En définitive, ce sont toutefois encore les militaires de carrière, eux-mêmes, qui décident quelle voiture ils veulent conduire dans le cadre du budget prescrit. Mais l’intérêt pour la voiture électrique est grand, et pour continuer dans cette voie, l’armée veille à ce que des bornes de recharge soient installées sur les lieux de travail et de résidence des militaires de carrière.
L’armée a ses spécialistes
Le brigadier Schmidlin ne voit «aucun problème» en ce qui concerne la maintenance d’un parc de véhicules militaires bientôt partiellement alternatif. D’abord, parce que, depuis longtemps déjà, l’armée coopère avec des centres civils de compétence en matériel, donc des garagistes et des concessions automobiles. Mais aussi parce que les spécialistes formés font partie de l’armée. «De plus, nous pouvons aussi former nos propres spécialistes», complète le brigadier.
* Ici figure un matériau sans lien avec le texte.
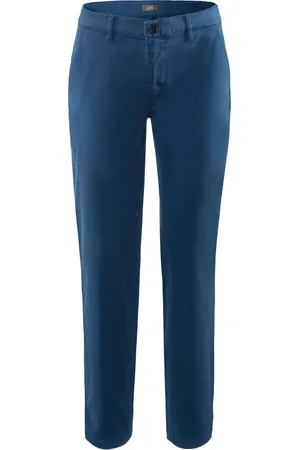 LIVING CRAFTS Herren Chino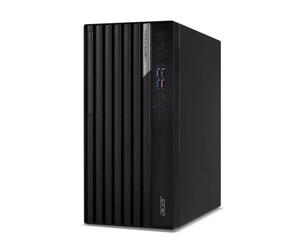 Acer Veriton Vero M4 VVM4720GT - Mid tower - Core i7 i7-14700 / 2.1 GHz - RAM 16 GB - SSD 512 GB - DVD SuperMulti - UHD Graphics 770 - 1GbE, Wi-Fi 6E, Bluetooth 5.3 - WLAN: 802.11a/b/g/n/ac/ax (Wi-Fi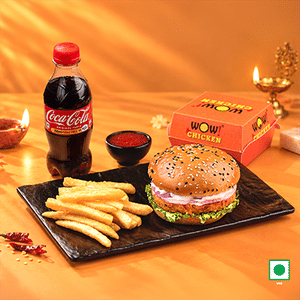 Shubho Pujo Veg Combo
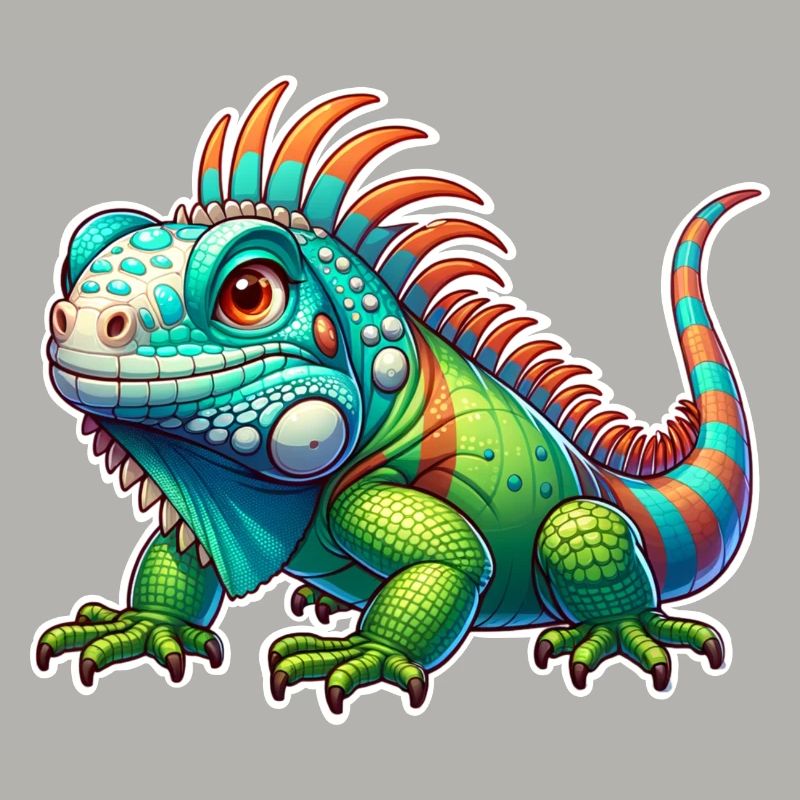Iguane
A relever aussi que les 16 700 voitures particulières et utilitaires de l’armée suisse circulent aujourd’hui essentiellement encore avec un gazole qui n’est pas de la catégorie la plus économique.
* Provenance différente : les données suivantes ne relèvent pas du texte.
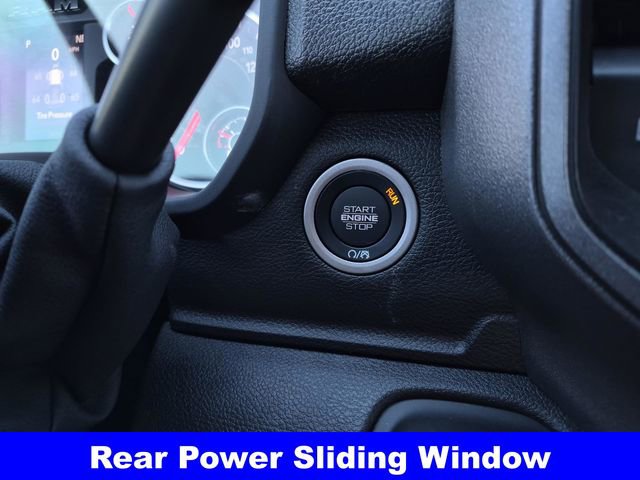 New 2026 RAM 2500 Tradesman image 24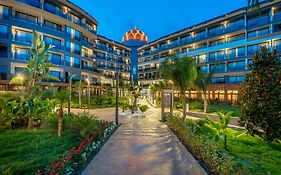 Arnor Deluxe Hotel Spa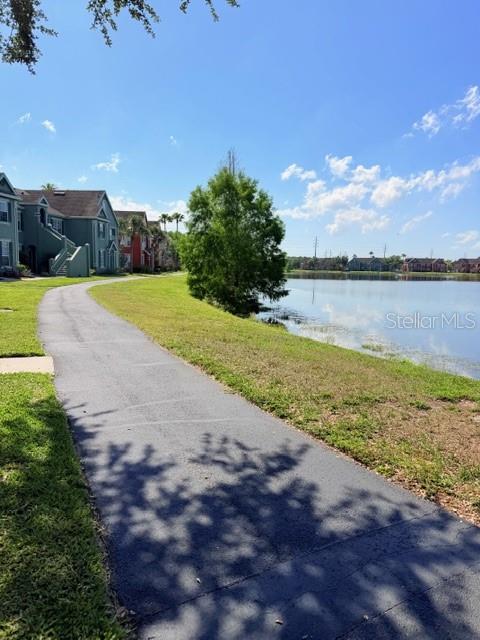 9108 Lake Chase Island Unit 9108, Tampa, FL 33626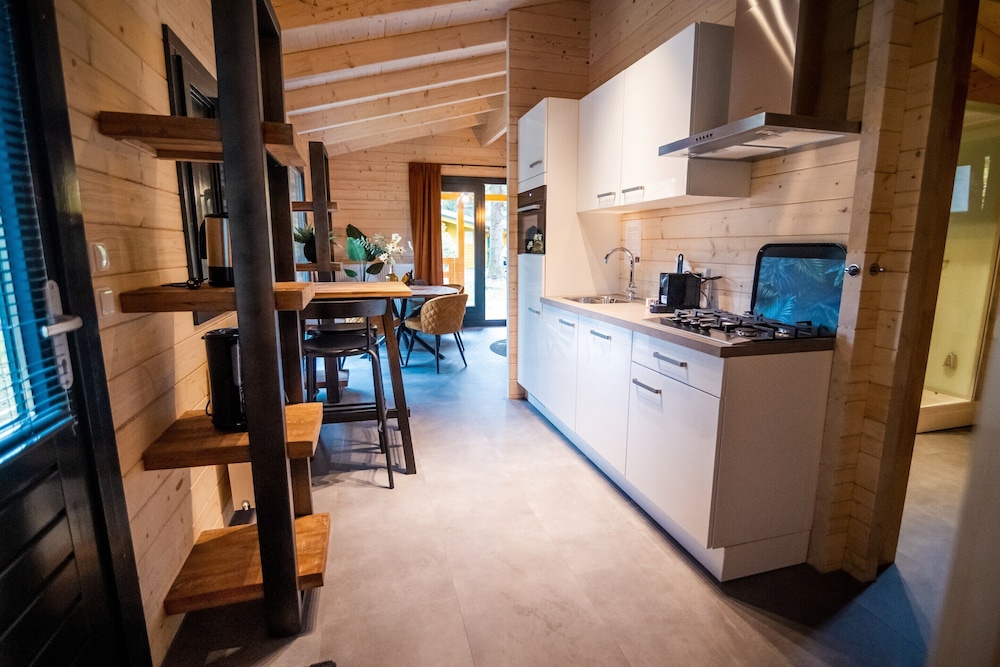 Holiday Home in Markelo Near Forest & Pool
Un objectif à atteindre en 2030
Mais cela va changer très vite, c’est une certitude pour notre interlocuteur: «J’espère que, dans quelques années déjà, le taux de véhicules à propulsion alternative – et je pense ici aussi à l’hydrogène et aux carburants synthétiques – sera beaucoup plus élevé», déclare le brigadier Schmidlin. En attendant que les avions de chasse puissent, à court ou moyen terme, prendre leur envol sans brûler du kérosène, ce qui n’est pas pour demain, ce sont les autres véhicules de l’armée qui doivent devenir plus propres si l’on veut atteindre l’objectif fixé de réduction des émissions de CO2 dans notre département, soit au minimum 40% d’ici à 2030 par rapport à 2001.»